Anthology of Technical Assets on Apache Spark’s Structured Streaming

Jules S. Damji
Databricks Engineering
4 min readAug 24, 2017

--

Older anthologies collated a collection of contributions from various authors around a theme — bounded then as a journal or periodical. Newer anthologies, however, include multiple modals of expressions — digitized now as an ebook or a blog. Both offer an exposition of the subject matter. No matter their form, they provide a single source of focused content.

In this anthology, we have compiled a collection of videos, technical blogs, podcasts, and articles that focus on Apache Spark’s Structured Streaming.

Spark Summit 2017 Keynote: Apache Spark 2.2 and Structured Streaming Demo

Databricks’ Chief Technologist Matei Zaharia thanks the community’s contributions and announces Structured Streaming as ready for production.

Easy, Scalable, Fault-tolerant Stream Processing with Structured Streaming in Apache Spark 2.2

In less than 10 lines of code, you can read streams from Apache Kafka, parse JSON payload data into separate columns, transform it, enrich it by joining with static data and write it out as a table ready for batch or ad-hoc queries. Apache Spark committers and Databricks’ engineers Michael Armbrust and Tathagata Das discuss and demonstrate that with concrete examples.

Also, they explain features that allow event-time based aggregations, arbitrary stateful operations, and automatic state management using event-time watermarks.

Continuous Applications: Evolving Streaming in Apache Spark 2.x

Last year, Databricks’ Chief Technologist Matei Zaharia shared his vision of where Apache Spark streaming is heading: Continuous Applications with Structured Streaming is the next step, he wrote.

Structured Streaming In Apache Spark: A new high-level API for streaming

Databricks’ engineers and Apache Spark committers Matei Zaharia, Tathagata Das, Michael Armbrust and Reynold Xin expound on why streaming applications are difficult to write, and how Structured Streaming addresses all the underlying complexities.

Real-time Streaming ETL with Structured Streaming in Apache Spark 2.1: Part 1 of Scalable Data @ Databricks

Databricks’ engineers Tathagata Das, Michael Armbrust and Tyson Condie show how to do streaming ETL with real-time data at scale.

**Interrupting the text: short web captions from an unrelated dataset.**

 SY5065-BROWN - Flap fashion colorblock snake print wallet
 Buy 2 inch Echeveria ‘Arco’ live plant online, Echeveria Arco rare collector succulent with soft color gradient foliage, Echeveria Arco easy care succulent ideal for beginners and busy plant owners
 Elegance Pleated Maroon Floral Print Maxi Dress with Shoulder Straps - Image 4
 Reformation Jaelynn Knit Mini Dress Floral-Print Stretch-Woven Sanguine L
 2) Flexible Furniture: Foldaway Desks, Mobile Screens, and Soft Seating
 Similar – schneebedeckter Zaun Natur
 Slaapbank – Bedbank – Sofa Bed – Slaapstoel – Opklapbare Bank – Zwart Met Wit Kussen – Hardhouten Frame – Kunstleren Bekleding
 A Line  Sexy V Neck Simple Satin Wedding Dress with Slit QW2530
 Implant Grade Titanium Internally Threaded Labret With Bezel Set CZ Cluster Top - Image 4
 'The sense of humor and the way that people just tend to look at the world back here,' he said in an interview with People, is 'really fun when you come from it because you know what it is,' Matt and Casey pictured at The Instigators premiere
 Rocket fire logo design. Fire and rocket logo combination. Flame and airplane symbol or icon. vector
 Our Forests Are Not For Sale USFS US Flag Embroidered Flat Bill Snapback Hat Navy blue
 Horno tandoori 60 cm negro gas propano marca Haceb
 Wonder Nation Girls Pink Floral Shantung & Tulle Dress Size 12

Working with Complex Data Formats with Structured Streaming in Apache Spark 2.1: Part 2 of Scalable Data @ Databricks

Learn from Databricks engineers and Apache Spark contributors Burak Yavuz, Michael Armbrust, Tathagata Das, and Tyson Condie how to handle complex and nested data formats with Structured Streaming.

Processing Data in Apache Kafka with Structured Streaming in Apache Spark 2.2: Part 3 of Scalable Data @ Databricks

Databricks engineers and Spark contributors Kunal Khamar, Tyson Condie and Michael Armbrust show how easily you can read streams from Apache Kafka using Structured Streaming APIs in Apache Spark 2.2.

Event-time Aggregation and Watermarking in Apache Spark’s Structured Streaming: Part 4 of Scalable Data @ Databricks

How to do event-time aggregations and watermarking using simple Structured Streaming APIs? Databricks engineer and Spark committer Tathagata Das explains how.

Taking Apache Spark’s Structured Streaming to Production: Part 5 of Scalable Data @ Databricks

How do you ensure your Structured Streaming Application is ready for production. Product Manager Bill Chambers and Apache Spark committer Michael Armbrust lay out the vital steps, using simple APIs for alerts and monitoring streaming query states.

Running Streaming Jobs Once a Day For 10x Cost Savings: Part 6 of Scalable Data @ Databricks

Apache Spark contributors Burak Yavuz and Tyson Condie demonstrate how to control and curb costs by using simple APIs such as Run Once trigger feature added to Structured Streaming in Spark 2.2. You get all the benefits of the Catalyst Optimizer incrementalizing your workload and the cost savings of not having an idle cluster lying around.

Real-Time End-to-End Integration with Apache Kafka in Apache Spark’s Structured Streaming

Databricks Senior Solution Architect Sunil Sitaula guides you through an end-to-end integration with Apache Kafka, consuming messages from it, doing simple to complex windowing ETL, and pushing the desired output to various sinks such as memory, console, file, databases, and back to Kafka itself.

Making Apache Spark the Fastest Open Source Streaming Engine

Databricks’ lead on Structured Streaming and Spark committer Michael Armbrust avers why Structured Streaming is the fastest open source engine compared to other streaming engines.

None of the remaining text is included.